Newly established universities compounding Nigeria’s unemployment woes – experts
With many new universities being licensed by the Nigerian Universities Commission (NUC) still using outmoded curricula and offering the same old courses that have failed to lift the country from the abyss of underdevelopment for decades, experts have expressed concern that the nation’s salvation may not be anywhere in sight.
This is as human resources experts have for long continued to lament that Nigeria’s university education system has failed to equip graduates with the right skills suited for today’s challenging work environment and are rather producing graduates that are irrelevant to the developmental needs of the country.

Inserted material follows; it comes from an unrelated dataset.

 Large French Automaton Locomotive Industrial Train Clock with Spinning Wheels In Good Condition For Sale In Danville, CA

“Today’s organisations hire people to perform specific tasks that help them in achieving their business goals. They don’t want graduates that parade just certificates, but graduates with the right working skills who can contribute to the development of the organisation. They want technical competence; they also want candidates properly equipped with complementary skills such as problem-solving ability, interpersonal skills, effective communication skills (oral and written), reflective and critical thinking ability, organising skills and ability to translate ideas to action,” says a human resources manager in a Lagos-based communications outfit.
“Unfortunately, the average graduate of a Nigerian university lacks most of these skills. That is why you often hear those of us in the employment circles lament that Nigerian graduates are unemployable,” he says.

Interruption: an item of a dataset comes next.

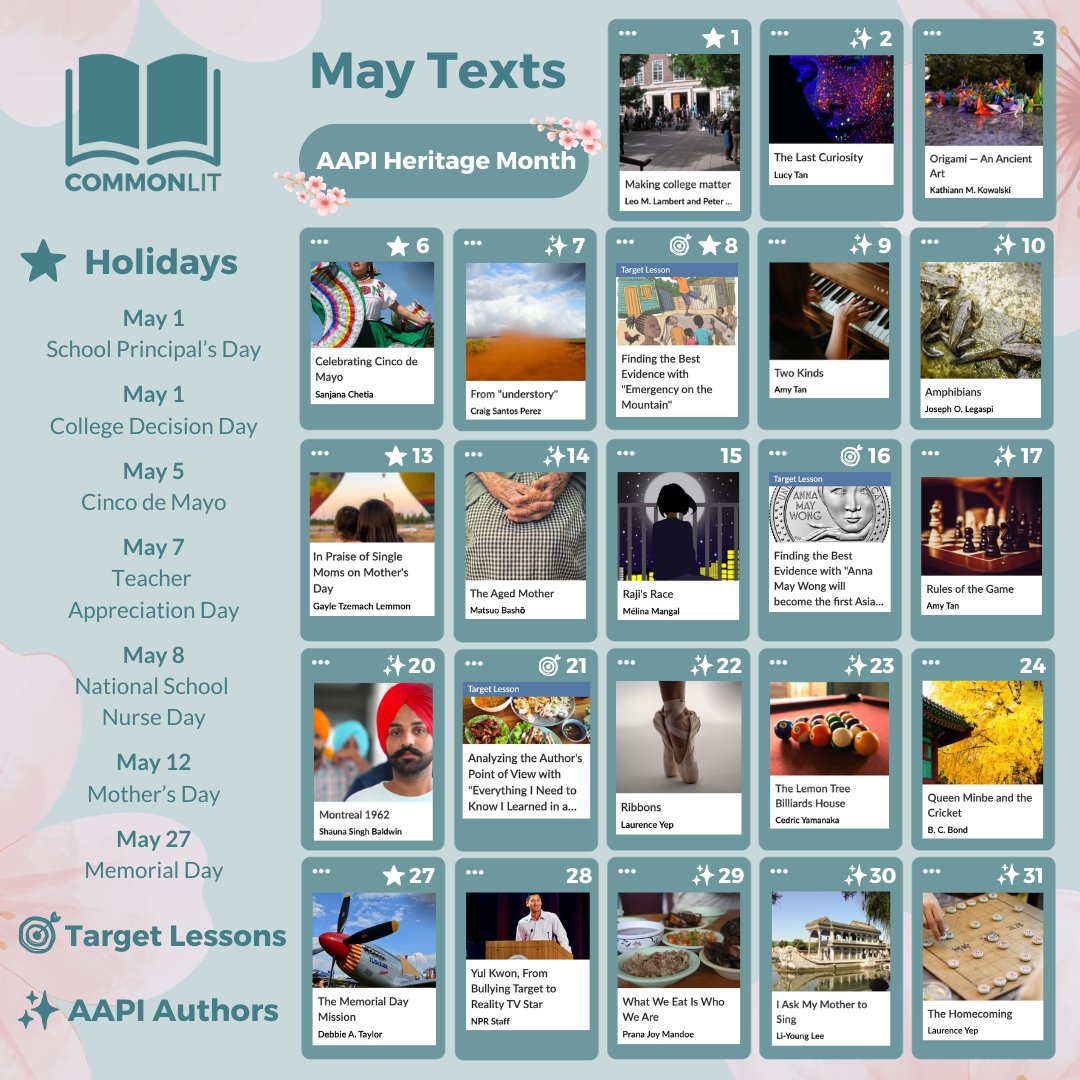 Start planning for all of May! This month’s text calendar celebrates Asian American and Pacific Islander Heritage Month and other May holidays like Mother’s Day and Memorial Day. 🌸 Start assigning these engaging lessons here: bit.ly/4ab1DlL ✏️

Henrietta Onwuegbuzie, academic director, Owner-Manager Programme at the Lagos Business School, contends that schools need to develop job creators, not jobseekers.
“In fact, what some schools succeed in doing is to de-programme those who already possess some entrepreneurial drive, moulding them into jobseekers. Recall that the school system in Nigeria was designed to produce civil servants, not entrepreneurs. Yet the society has since changed and the education system needs to adapt and lead the change,” she tells BDSUNDAY.
For a country where graduate unemployment is already considered by many as a big risk factor owing to its high rate, and where employment opportunities are few and far between, analysts have said what Nigeria needs most at this time is technical and entrepreneurial education that will produce job creators instead of jobseekers as is clearly the case now.
According to the National Bureau of Statistics report for Q1 2016, unemployment and underemployment were highest for persons in the labour force between the ages of 15-24 and 24-34 years, which represents the youth population in the labour force. The unemployment rate within the period under review was typically highest for those within the ages of 15-24 at 21.5 percent (56.1 percent using old methodology), up from 19.0 percent in Q4 2015 and 17.8 percent in Q3 2015.
Out of a total youth labour force of 38.2 million (representing 48.7 percent of total labour force in Nigeria of 78.48 million), 15.2 million were either unemployed or underemployed in Q1 2016, representing a youth unemployment rate of 42.24 percent. This rate of unemployment and underemployment appears to be the result of a faulty education or human capital development system in Nigeria.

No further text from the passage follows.